:: INPUT FOR THIS TASK

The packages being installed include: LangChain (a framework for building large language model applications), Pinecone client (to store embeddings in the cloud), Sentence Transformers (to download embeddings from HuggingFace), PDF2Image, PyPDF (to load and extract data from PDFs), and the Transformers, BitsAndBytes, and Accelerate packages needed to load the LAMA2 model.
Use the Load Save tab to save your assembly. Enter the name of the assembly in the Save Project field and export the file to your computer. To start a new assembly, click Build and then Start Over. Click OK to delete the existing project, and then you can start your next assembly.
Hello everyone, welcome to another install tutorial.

::::
:: INPUT FOR THIS TASK

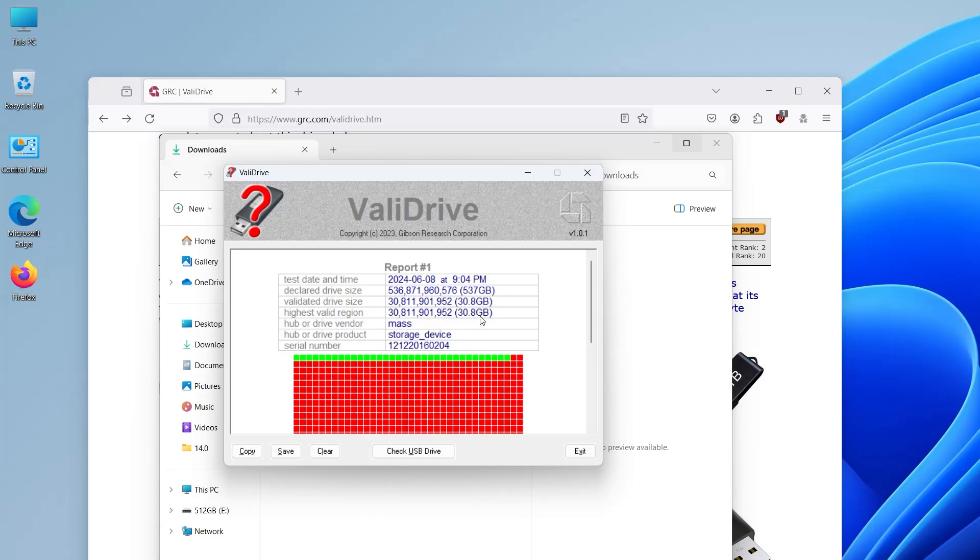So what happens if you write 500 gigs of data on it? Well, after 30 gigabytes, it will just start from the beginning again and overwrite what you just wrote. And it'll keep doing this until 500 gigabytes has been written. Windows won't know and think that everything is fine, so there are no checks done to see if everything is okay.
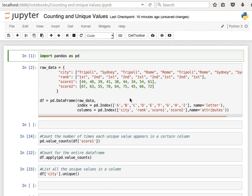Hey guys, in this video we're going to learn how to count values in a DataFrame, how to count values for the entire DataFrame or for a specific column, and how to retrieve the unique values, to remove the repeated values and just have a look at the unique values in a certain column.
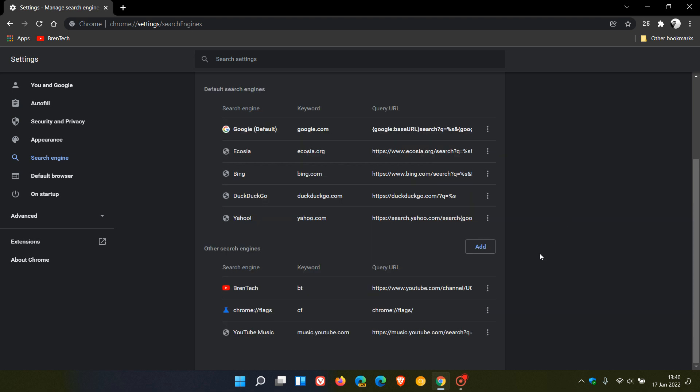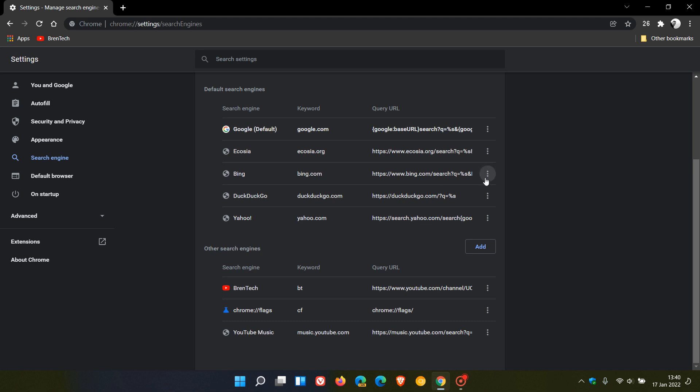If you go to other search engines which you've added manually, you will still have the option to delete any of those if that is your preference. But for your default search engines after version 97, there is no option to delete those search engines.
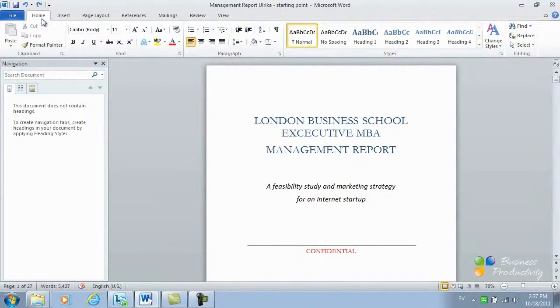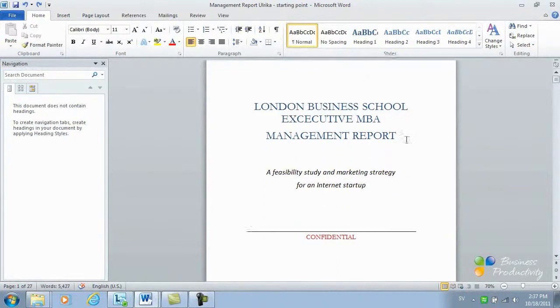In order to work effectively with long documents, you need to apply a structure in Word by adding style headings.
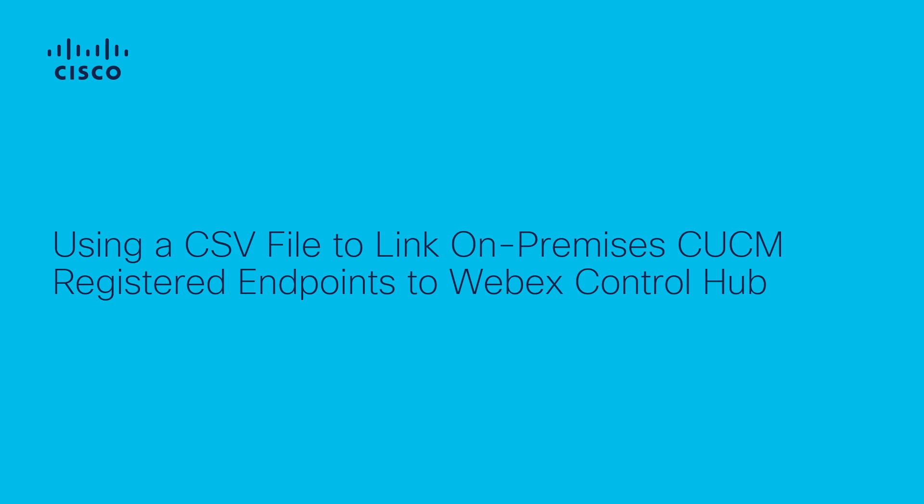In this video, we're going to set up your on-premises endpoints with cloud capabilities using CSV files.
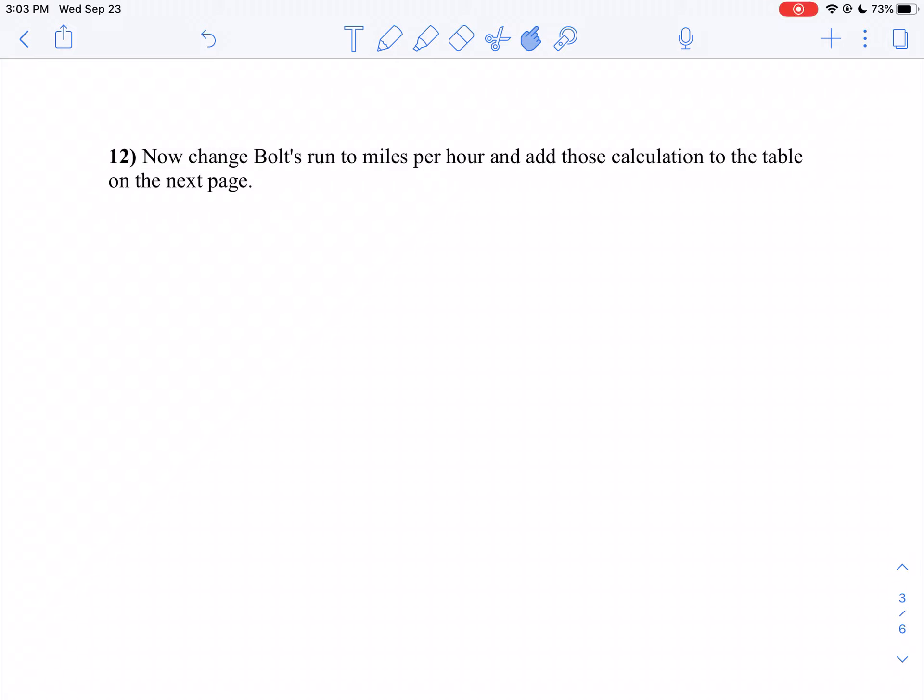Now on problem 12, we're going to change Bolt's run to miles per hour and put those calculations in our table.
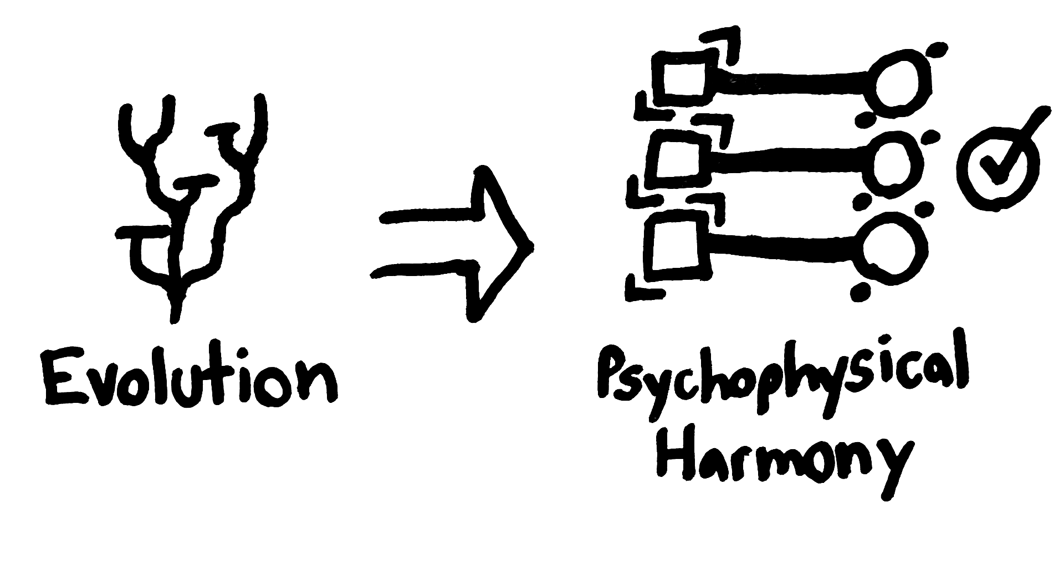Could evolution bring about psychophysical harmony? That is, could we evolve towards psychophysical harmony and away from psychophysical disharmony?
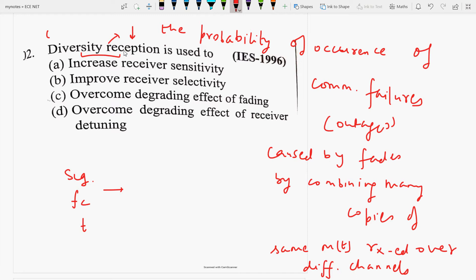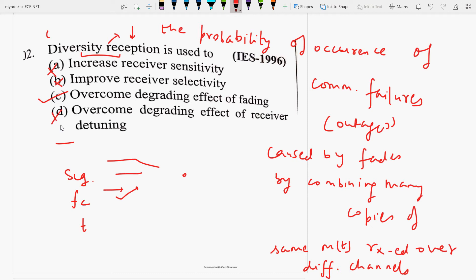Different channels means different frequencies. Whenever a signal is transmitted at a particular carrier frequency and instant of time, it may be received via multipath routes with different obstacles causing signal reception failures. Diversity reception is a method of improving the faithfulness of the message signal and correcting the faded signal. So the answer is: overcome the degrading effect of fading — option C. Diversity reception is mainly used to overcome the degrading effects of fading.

::::

**YOUR TASK:** From the records above, give again exactly the lines running from the line with "The packages being" to the line with "Hello everyone, welcome", inclusive.

**ANSWER FOR THE TASK:**
The packages being installed include: LangChain (a framework for building large language model applications), Pinecone client (to store embeddings in the cloud), Sentence Transformers (to download embeddings from HuggingFace), PDF2Image, PyPDF (to load and extract data from PDFs), and the Transformers, BitsAndBytes, and Accelerate packages needed to load the LAMA2 model.
Use the Load Save tab to save your assembly. Enter the name of the assembly in the Save Project field and export the file to your computer. To start a new assembly, click Build and then Start Over. Click OK to delete the existing project, and then you can start your next assembly.
Hello everyone, welcome to another install tutorial.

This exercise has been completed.